But despite all of that, the Obama organization has been resolute in running the same type of campaign — a ground-up approach that begins with a mobilized group of volunteers and not an overabundance of spending on television, radio and newspaper advertisements. The grassroots campaign this year, the Obama camp says, is far bigger than the one in 2008.
"We have always believed that in a close election, our grassroots infrastructure will ultimately make the difference in November," says Matt Mittenthal, spokesman for Obama's Western Pennsylvania effort. "In the week before the first presidential debate alone, our volunteers registered more than 130,000 voters and contacted millions of voters in the battleground states, reflecting the incredible enthusiasm for President Obama among his supporters."
Mittenthal says the campaign has opened 44 offices in the state so far, with more possible. The campaign has received more than 10 million grassroots donations in 2012, and 98 percent of those, Mittenthal says, were $250 or less (the average donation was $53). Also, nearly 600,000 Americans have donated to a political campaign for the first time. That's up from about 370,000 first-time donations at this time in 2008.

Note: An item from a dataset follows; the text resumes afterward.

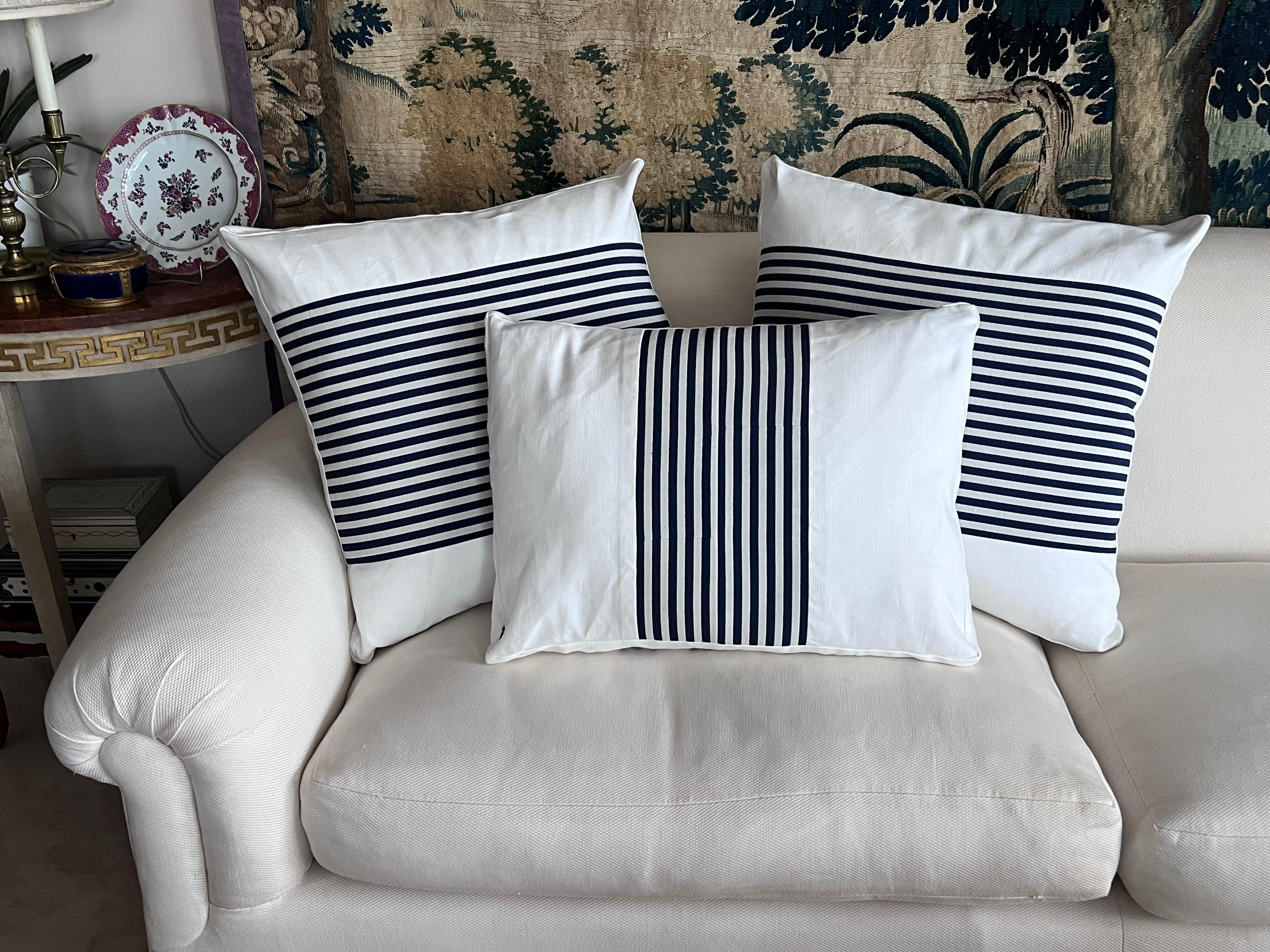 Pair Reversible Cushions/Pillows in Navy Blue Stripes on White For Sale 1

Campaign officials say such numbers show that Obama's support base from 2008 has returned. And if it that infrastructure worked once, it can work again. In an email to supporters last week, campaign manager Jim Messina wrote: "Day in and day out, what gives the President confidence and inspiration is knowing that you have his back."
"We've got his back," reads the text of the black-and-white poster of President Obama, that features a photo of the president shot from behind with a hand on his shoulder. The picture sits prominently over the left shoulder of volunteer team leader Matt Phillips as he instructs a group of volunteers — most from labor union SEIU — about how to conduct the door-to-door canvass they're about to embark on. Currently he's instructing volunteers on how to handle an encounter with a voter who turns out to be a supporter of Republican Mitt Romney.
"You're not going to win that fight," Phillips tells the volunteers. "You can hit five more houses in the time it takes you to have one long, drawn-out discussion with a person whose mind you're not going to change anyway.
"But if someone tells you they're not sure who they're going to vote for, then ask what issues they're bothered by and then tell them why you support the president. Tell them why you're outside today in the cold and the rain."
The goal of the canvass has been multi-faceted, Mittenthal says. The point is to firm up the base of voters already identified as Obama supporters; to convert those who may be on the fence; to recruit more volunteers; and to make sure that any potential voter is registered.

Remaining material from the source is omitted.